Consider the following C function.

void convert (int n ) {
        if (n<0)
            printf{“%d”, n);
        else {
            convert(n/2);
            printf(“%d”, n%2);
        }
}

Which one of the following will happen when the function convert is called with any positive integer $n$ as argument?

  1. It will print the binary representation of $n$ and terminate
  2. It will print the binary representation of $n$ in the reverse order and terminate
  3. It will print the binary representation of $n$ but will not terminate
  4. It will not print anything and will not terminate
asked in Algorithms by Veteran (406k points)
edited by | 3.8k views
0
Why bonus? I think the correct option is D. Because convert(int n) will be called recursively. As soon as n becomes 1, convert(0) will called and  it enter's infinite recursion.
0
but the correct answer would be it should.not.print anything and terminate
0
It will terminate due to stackoverflow exception. I'm not sure  whether that is in scope of this question. If yes then you are correct it answer should be "it should not print and terminate"(terminate due to stackoverflow".
0
on madeeasy it is declare as bonus
0

@mradul

you will discuss this point on https://gateoverflow.in/302822/gate2019-26

there is no need of posting this question again, right ?

+1
i think it is a bonus any one  who can make it run program in compiler and let's check what the compiler gives the answer.

As I made run on my compiler i conclude that there is a non option is matched and it is to be a bonus. lets see what gate overflow will conclude .

Max the option will be nothing which was mentioned over there so it will be bonus marks.

8 Answers

+8 votes
Best answer

As per the question, the function convert needs to be called with a positive integer n as argument.

So, when a positive int is passed as argument, function will compute$(n/2)$ which will return the quotient of integer division. 

Again this result of integer division will be passed through compute$(n/2)$ and so on. Each time the no will be divided by $2$ and will gradually become smaller and smaller and close to $0$ but it will never be less than $0$

Hence the program will not print anything ( as after every function call, the value returned is greater than $0$) and will not terminate. 

PS: Being a C function and hence when run on a computer each recursive call will require creation of activation record consuming memory space. So, eventually the stack memory will run out and program terminates. But such an option is not there. D is the best option here . Answer (D)

answered by Loyal (6.9k points)
edited by
0
yaa bro gate has to give the marks to every one
0
GATE official ans key had D as correct option
+19 votes

I think none of the option matches. 

Ans should be :- "It won't print anything and terminates abruptly".

Remember here infinite looping is not there. It will terminate abruptly because of stackoverflow.

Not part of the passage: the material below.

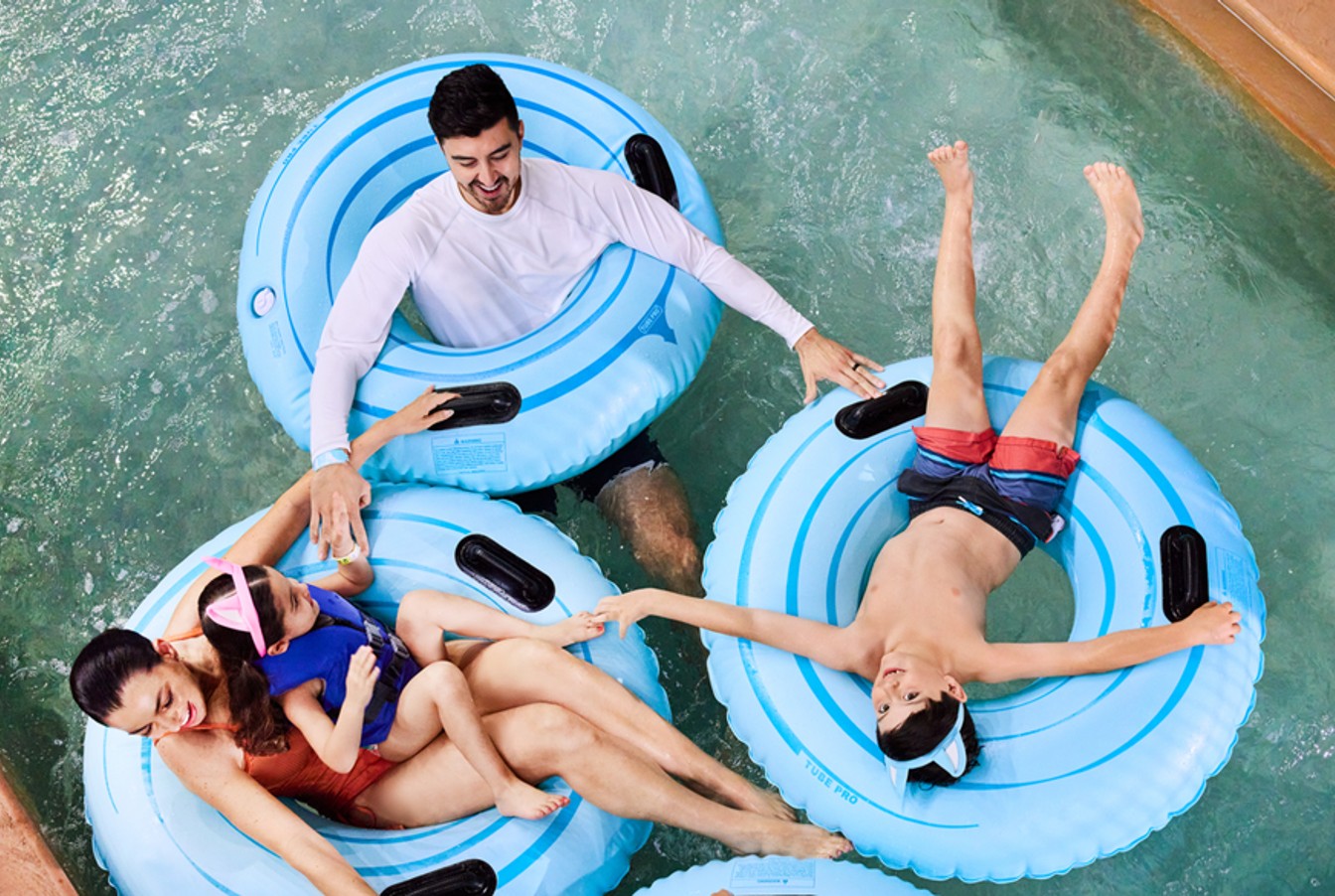 Family enjoying a lazy river ride at Great Wolf Lodge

And thus for this question no option matches.

answered by (195 points)
+4

Agreed. This question is similar to this :

https://gateoverflow.in/118319/gate2017-1-36

0
At last what will be the answer either it is to be a bonus or it will not print anything and terminate please confirm me bro

Thanks for your valuable response
+11 votes
The print statement will run at the time n value becomes negative or function calls are over.

Divide by 2 won't give a negative result for any positive integer. So theoretically it will not terminate. Also, it won't print anything because printf statement in else part placed after the function call.

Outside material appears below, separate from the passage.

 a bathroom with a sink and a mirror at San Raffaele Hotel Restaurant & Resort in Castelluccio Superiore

It will terminate due to StackOverflow without printing anything.
answered by Veteran (59.7k points)
edited by
0
For which value of "n", print statement will run once ?
n will never be negative!!
0
It will terminate abruptly, only if we are running the program on a finite memory model. Question does not talk about the platform on whih it runs.
0
$C$ program it is. So it doesn't matter how much memory do you have. Ultimately it will terminate.
0
We can even run this program on a hypothetical machine with infinite memory. Any assumption of finiteness is just introducing data to the question, that does not exist.
0
the program will terminate with stackoverflow as infinite recursion is there and it won't print anything ..i think program will not terminate is not correct
+1 vote
If we keep dividing a no by 2 it will decrease continuously but will not reach neg.

So the (n<0) will never execute and as control never gets past convert() function because it calls convert again and gets inside. So even printf("%d", n%2) will not be executed ever.

The program will neither print anything nor will it ever terminate.
answered by Junior (827 points)
+1 vote
Actually the correct answer for this question must be it terminates by showing error message stackoverflow as there is a limit upto which function calls can be pushed onto the stack and also it doesnot prints anything.And also infinite looping and stackoverflow are two different things so none of the option matches according to the given scenario.
answered by (41 points)
0
will it be bonus??
+1

@mradul

It might be a bonus...can see what GATE give to all..

0 votes
Let's analyze how will the program will behave if the input is 1.
convert(1)
  convert(1/2) or convert(0):  now this call
       will not enter the base case since 0 < 0
        is false.
        convert (0/2) or convert (0).....
So hypothetically program will not terminate and it also doesn't print anything since it goes into infinite recursion. Best answer is D
answered by Loyal (9k points)
0 votes
i think if the following c program is run on a machine with infinite memory it will not terminate or if it is run by hand by a human (just a thought experiment).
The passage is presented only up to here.